Prompt: Starting with the line that has "img 1 attached" in the records below and stopping after the line that has "Зеленые джоггеры с", output every line exactly and nothing else; skip pictures.

Data shown:
----
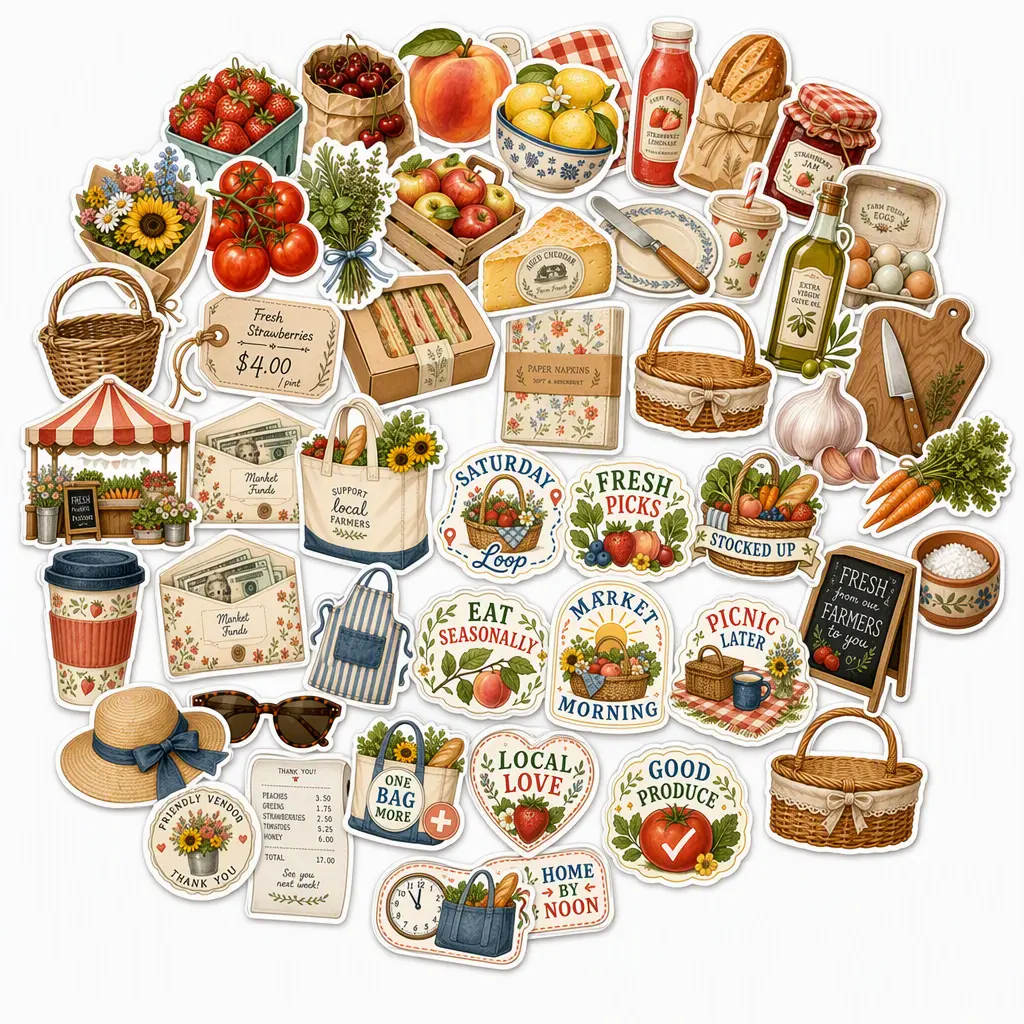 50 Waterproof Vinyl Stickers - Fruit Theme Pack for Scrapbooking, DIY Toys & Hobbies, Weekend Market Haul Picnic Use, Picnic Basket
----
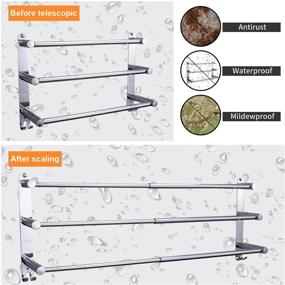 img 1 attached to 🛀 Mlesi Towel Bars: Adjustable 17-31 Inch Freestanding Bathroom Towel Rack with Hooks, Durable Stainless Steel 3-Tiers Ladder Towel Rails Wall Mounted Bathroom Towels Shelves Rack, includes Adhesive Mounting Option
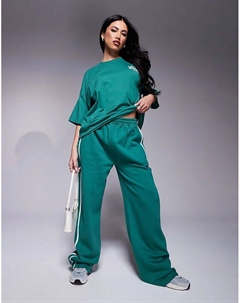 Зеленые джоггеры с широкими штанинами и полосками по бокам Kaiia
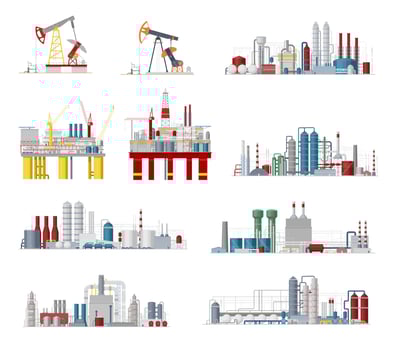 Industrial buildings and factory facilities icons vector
----
Response for this exercise:
 img 1 attached to 🛀 Mlesi Towel Bars: Adjustable 17-31 Inch Freestanding Bathroom Towel Rack with Hooks, Durable Stainless Steel 3-Tiers Ladder Towel Rails Wall Mounted Bathroom Towels Shelves Rack, includes Adhesive Mounting Option
 Зеленые джоггеры с широкими штанинами и полосками по бокам Kaiia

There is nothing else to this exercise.